1. You’re not Sarah Palin. Although she can seem sometimes like America’s Princess Diana, former Alaskan Governor and ex-Vice Presidential running mate Sarah Palin is having a bad month. In the aftermath of the tragic shootings in Arizona, Palin failed to adopt a sufficiently conciliatory and empathic response. Instead, she went on a tear, aggressively defending herself from insinuations that she was to blame for the massacre and painting herself as the victim, rather than the 6 people who died and 13 who were injured. (The press also played a hand in this, mind you.) A post-Tucson Gallup poll commissioned by USA Today found that Palin’s rating is at its lowest level since she burst onto the national political scene in September 2008. She is seen in a favourable light by 38% of US voters, while 53% have an unfavourable view.

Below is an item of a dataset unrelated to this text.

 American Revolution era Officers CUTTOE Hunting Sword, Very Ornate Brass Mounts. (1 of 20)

2. You’re not Amy Chua. Amy Chua – a.k.a. Tiger Mother – wrote a chilling oped in the Wall Street Journal a couple of weeks back about the draconian tactics she uses to exact perfection from her two daughters. And the blogosphere hasn’t ceased talking about it since. (Initial WSJ article has 6,800 comments and counting…) As someone who wrestles with having high expectations for her children – albeit without denying them food, drink or bathroom breaks as Chua claims to – I’m not entirely immune to Tiger Mother-like tendencies. But, boy, is she in the dog house this month, especially among Mommy Bloggers. My colleague Joanne Bamberger likened Chua’s child-reading tactics to child abuse. Ouch.

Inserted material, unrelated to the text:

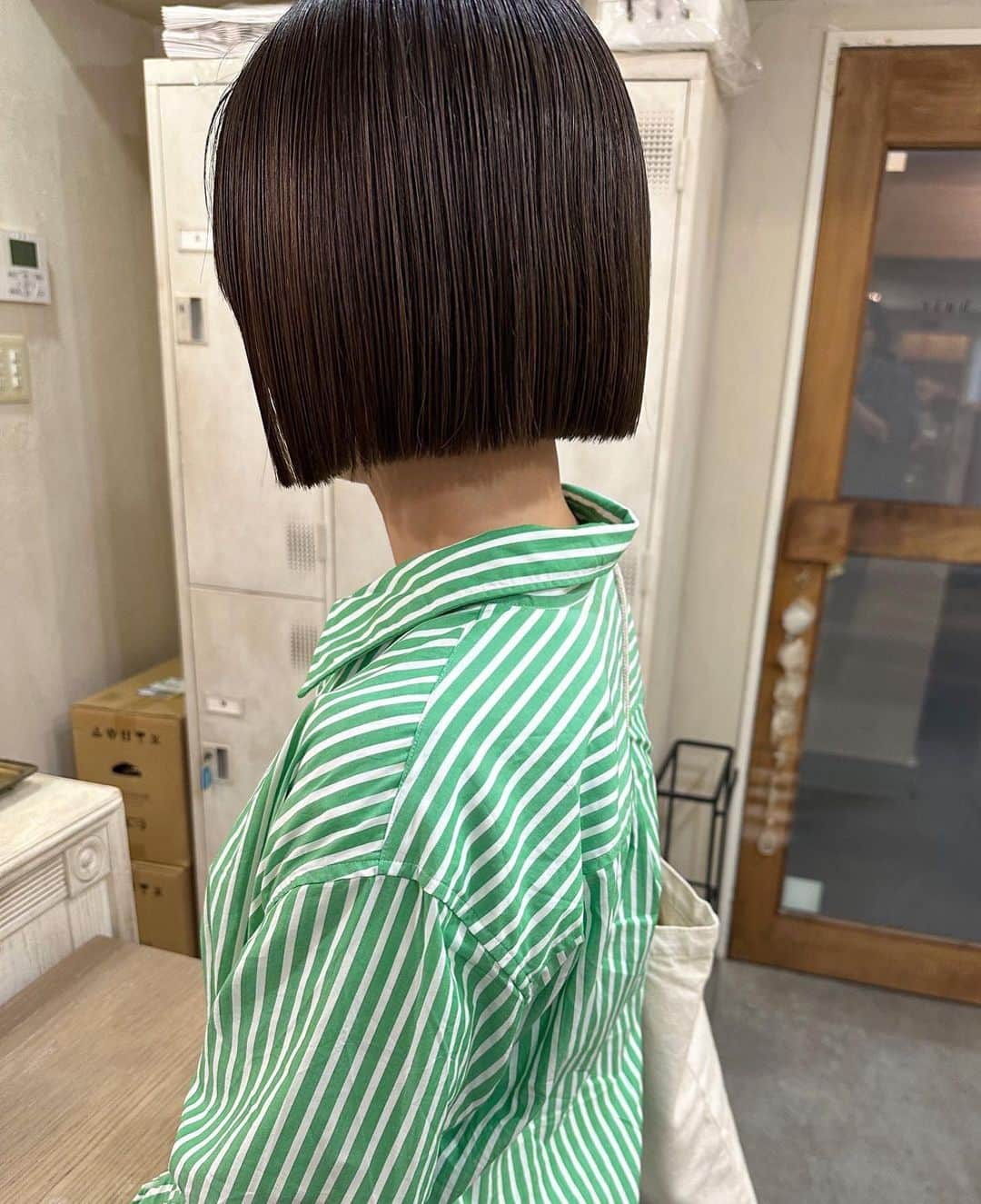 松原加奈恵さんのインスタグラム写真 - (松原加奈恵Instagram)「mini bob 🫶🏻 伸ばしたり、いろいろするけど 結局ミニボブに戻ってくるお客様が 多い気がする🤭🤭私も大賛成🙋‍♀️💗  現在6月までのご予約を受付中です！ DMにてお問い合わせください。  naluhair【 ナルーヘア 】 大阪府大阪市西区北堀江1-3-10 エクセルコート北堀江　202  最寄駅 四ツ橋(5番出口)  〰️〰️〰️〰️〰️〰️〰️〰️〰️〰️〰️〰️〰️  #ボブの沼#大阪ボブ#ミニボブ#外ハネボブ#ベージュ #大阪ボブ#暖色ベージュ#トレンドカラー#ラベンダーカラー #ミニマムボブ#大阪ボブ#ぷつっとカット#イメチェン #大阪美容室#心斎橋美容室#堀江美容室#似合わせカット」4月29日 21時49分 - piiiiiiico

3. You’re not Ricky Gervais. British comedian Ricky Gervais hosted this year’s Golden Globe Awards in Hollywood and the consensus in the American press, at least, seems to be that he bombed. I actually thought that with one or two exceptions, Gervais was pretty funny. (Watch his opening monologue and judge for yourself.) But the rumor is that he is persona non grata at the awards ceremony next year, which – not that you asked – he has no interest in hosting anyway.

4. You’re not Robert DeNiro. If you think Gervais stunk the place up at the Golden Globes, then Robert DeNiro really tanked. As a huge fan of award shows, I was totally befuddled by his acceptance speech for the Cecil B. De Mille Lifetime Achievement Award. This man needs to stop working in the Focker franchise and go back to real acting so that he remembers show to properly thank people for recognizing his amazing career.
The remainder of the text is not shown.